THE US: Many innocent foreigners in the United States were held in jail for months in "unduly harsh" conditions without contact with families or lawyers in the aftermath of the September 11th, 2001, attacks, according to a report from the US Justice Department's inspector general, writes Conor O'Clery, North America Editor in Washington.
The long-awaited report confirms the fears of civil rights groups that the Justice Department under the Attorney General, Mr John Ashcroft, abused the rights of undocumented immigrants with no connection to terrorism and who were arrested after the attacks mainly because of their Middle Eastern origin.
It accuses the FBI of taking too long to determine whether the 762 foreigners detained were involved with terrorism and to release them after their innocence was established.
The report by Insp Gen Glenn Fine found "significant problems" in the Bush administration's treatment of people held on immigration violations and a pattern of "physical and verbal abuse" by guards, but did not specify if laws were broken or civil rights abused.
"We make no apologies for finding every legal way possible to protect the American public from further terrorist attacks," said a Justice Department spokeswoman, Ms Barbara Comstock. US laws were "scrupulously followed and respected".
However the investigation, which centred mainly on the Metropolitan Detention Centre in Brooklyn where 84 detainees, mainly Pakistanis, were held, found that a presumption of guilt was applied to those detained, some of whom were simply found at traffic stops to have expired visas.
Staff at the nine-storey jail routinely and wrongly told lawyers and relatives who inquired about specific detainees that they were not held there. "Certain conditions of confinement were unduly harsh, such as illuminating the detainees' cells for 24 hours a day," the report said.

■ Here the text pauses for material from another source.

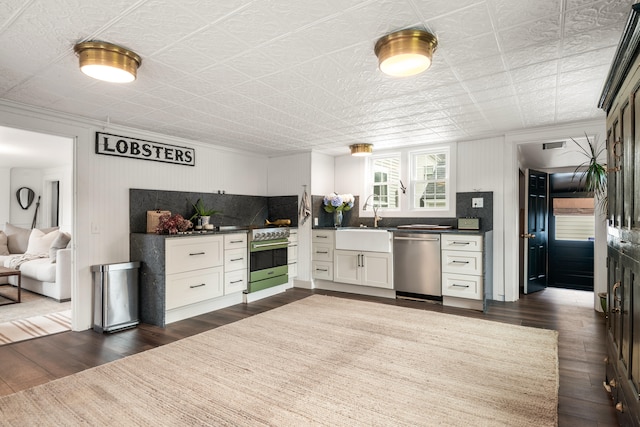 kitchen with tasteful backsplash, stainless steel appliances, dark wood-type flooring, sink, and white cabinets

It was common practice for officers in Brooklyn to slam prisoners against a wall before video-taping their statements. They were subjected to a 23-hour lockdown and forced to wear leg irons and heavy chains outside their cells for offences treated as civil crimes before September 11th.
Guards would ask, "Are you OK?" and if the answer was "Yes," they took it as a waiver of the right to a weekly phone call to a lawyer. False numbers were given for lawyers. Calls to families or embassies were allowed only once a month and if engaged or answered by voice mail were counted.
Detainees were often held even after FBI clearance, the report went on.
Some were kept in custody for up to eight months. One was held for a further three months after clearance due to an "administrative oversight". Only one detainee, Zacarias Moussaoui, was charged with any terrorism-related crime.
A total of 505 immigrants were eventually deported and the remainder released after FBI clearance, which typically took 80 days.
Ms Kathy Hawk Sawyer, director of the US Bureau of Prisons, said two senior officials in Mr Ashcroft's office told her to "not be in a hurry" to allow detainees to be held in the aftermath of the September 11th attacks to call their lawyers or families, as long as her actions did not violate any laws.
Mr Anthony Romero, director of the American Civil Liberties Union, said the findings confirmed "our long-held view that civil liberties and the rights of immigrants were trampled in the aftermath of 9/11".
Insp Gen Fine said he was following up allegations of individual abuse but noted that the Bureau of Prisons had cited an "al-Qaeda training manual" which urged terrorists to claim mistreatment in prison. He proposed 21 reforms, including better criteria for determining links to terrorism during any future mass arrests of illegal immigrants.